Surge entonces de la norma transcrita el derecho legalmente consagrado de accionar judicialmente contra los actos administrativos que expiden, modifican o cancelan un permiso, autorización, concesión o licencia ambiental de una actividad que, como la minera, afecte o pueda afectar el medio ambiente, como ocurre en el caso examinado, donde se impetró la nulidad de los actos administrativos, contenidos en las resoluciones demandadas, las cuales al otorgar la licencia de exploración minera Nº 16223 a Cementos Diamante S.A. de una u otra forma conducen a la afectación del medio ambiente.

Así las cosas estima la Sala que conforme a la nueva normatividad ambiental las obligaciones y compromisos administrativos para la protección y conservación del medio ambiente se ha ampliado en capacidad y competencia, permitiéndole a todo ciudadano, sea o no titular de un derecho subjetivo, el ejercicio de la acción de nulidad contra actos administrativos como los demandados, es decir, de aquéllos que autorizan una actividad que afecte o pueda afectar el medio ambiente. El actor en este proceso y, en general, toda persona, por virtud de la norma referida adquirió legitimación para solicitar por sí o por medio de su representante, la declaratoria de nulidad de los actos administrativos a que se refiere el artículo 73 de la Ley 99 de 1993.
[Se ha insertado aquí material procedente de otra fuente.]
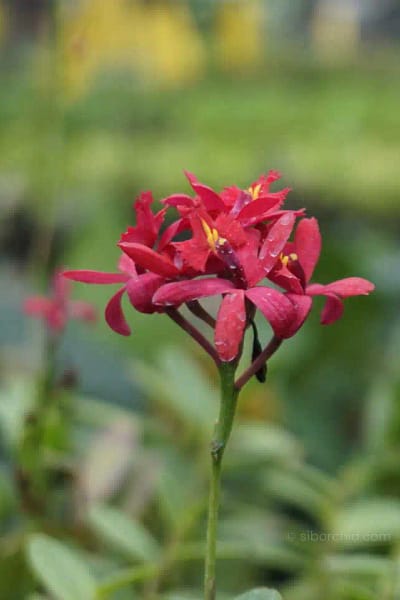 Epidendrum Hybrids Red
En las anteriores condiciones, concluye la Sala que en el caso examinado hay lugar a proferir sentencia anulatoria de los actos administrativos acusados.

Pese a lo anterior, es decir a la declaración de nulidad de las resoluciones demandadas, considera la Sala que no hay lugar al restablecimiento del derecho impetrado por el actor, en razón a que el mismo carece de un derecho subjetivo, de carácter individual y concreto por hacer valer, dado que su pretendida vecindad al municipio de Tabio es insuficiente para de allí deducir la vulneración de un derecho particular y concreto, tal como en casos similares lo ha entendido la Sala».

(Sentencia de abril 22 de 1996. Expediente 8616. Consejero Ponente: Dr. Daniel Suárez Hernández).